L 1 Content Flashcards
(15 cards)
Q1: What percentage of global trade moves by sea?
A1:
Over 80% by volume and 75% by value of global trade is transported via maritime routes.
Q2: What is containerisation and why is it important?
A2:
Containerisation is the use of standard-sized containers for shipping goods. It revolutionised maritime trade by making loading, unloading, and transport cheaper, faster, and more efficient, enabling global supply chains.
Q3: Which regions dominate maritime trade and port activity?
A3:
East and Southeast Asia dominate, handling 40% of global trade, 64% of containers, and hosting 15 of the 20 busiest ports (e.g., Shanghai, Singapore).
Q4: What is LNG and why is it important for maritime trade?
A4:
LNG stands for Liquefied Natural Gas. It is natural gas cooled to –162°C to become liquid for easier and safer transport. LNG is a crucial energy source, especially for Asia and Europe, and passes through key maritime chokepoints.
Q5: What are strategic maritime chokepoints?

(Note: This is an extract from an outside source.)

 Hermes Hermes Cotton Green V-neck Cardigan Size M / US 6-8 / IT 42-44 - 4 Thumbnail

Name examples.
A5:
They are narrow maritime passages vital to global trade.
Examples:
• Strait of Malacca (25% of trade)
• Strait of Hormuz (30% of oil, 20% of LNG)
• Suez Canal (12% of world trade)
• Panama Canal (links Atlantic and Pacific)

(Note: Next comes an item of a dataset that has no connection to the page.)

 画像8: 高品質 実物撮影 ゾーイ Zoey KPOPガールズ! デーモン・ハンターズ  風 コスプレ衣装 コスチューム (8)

Q6: What is a “flag of convenience”?
A6:
When a ship is registered in a country different from the owner’s, often to avoid higher taxes, strict labour laws, or safety regulations.

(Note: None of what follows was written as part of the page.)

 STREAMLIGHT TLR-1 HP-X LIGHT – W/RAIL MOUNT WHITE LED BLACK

Common flags: Panama, Liberia, Malta
Q7: Why do shipping companies use flags of convenience?
A7:
To reduce costs by avoiding regulations, cut taxes, and hire cheaper labour under looser laws. This makes shipping more profitable but often lowers safety and labour conditions.
Q8: Who controls the undersea internet cables?
A8:
Mostly US tech companies like Google, Facebook, Microsoft, and telecom firms from Japan, Europe, China, and India.
40% of projects are funded by big tech.
Q9: How much internet traffic travels through undersea cables?
A9:
About 95% of all international internet traffic is carried by undersea fibre-optic cables.
Q10: What happened in Somalia when its cable was cut in 2017?
A10:
The country lost access to the internet, which halved its GDP for that day, showing how critical undersea cables are to modern economies.
Q11: Why are maritime routes unequally distributed?
A11:
Most trade happens between global economic cores (Asia, EU, USA), while developing countries often only export raw materials and have secondary ports and weaker connectivity.
Q12: What resources come from the sea besides trade routes?
A12:
• Oil and gas (⅓ of global production from offshore drilling)
• Seafood (majority from aquaculture/fish farming)
• Employment (especially in fishing and transport)
Q13: Who dominates global shipping companies?
A13:
Firms like:
• Maersk (Denmark)
• CMA-CGM (France)
• COSCO (China)
These companies, mostly from Global North and emerging powers, carry over 80% of goods.
Q14: What are the environmental risks of maritime globalisation?
A14:
• Pollution from ships
• Destruction of marine habitats (especially from ports and oil platforms)
• Overfishing
• Undersea cable accidents affecting internet and trade
Q15: Why is maritime globalisation essential but fragile?
A15:
Because it connects the world’s economy but relies on few chokepoints, rich countries, and weak legal controls. Disruptions—like canal blockages or war—can cripple trade and communication globally.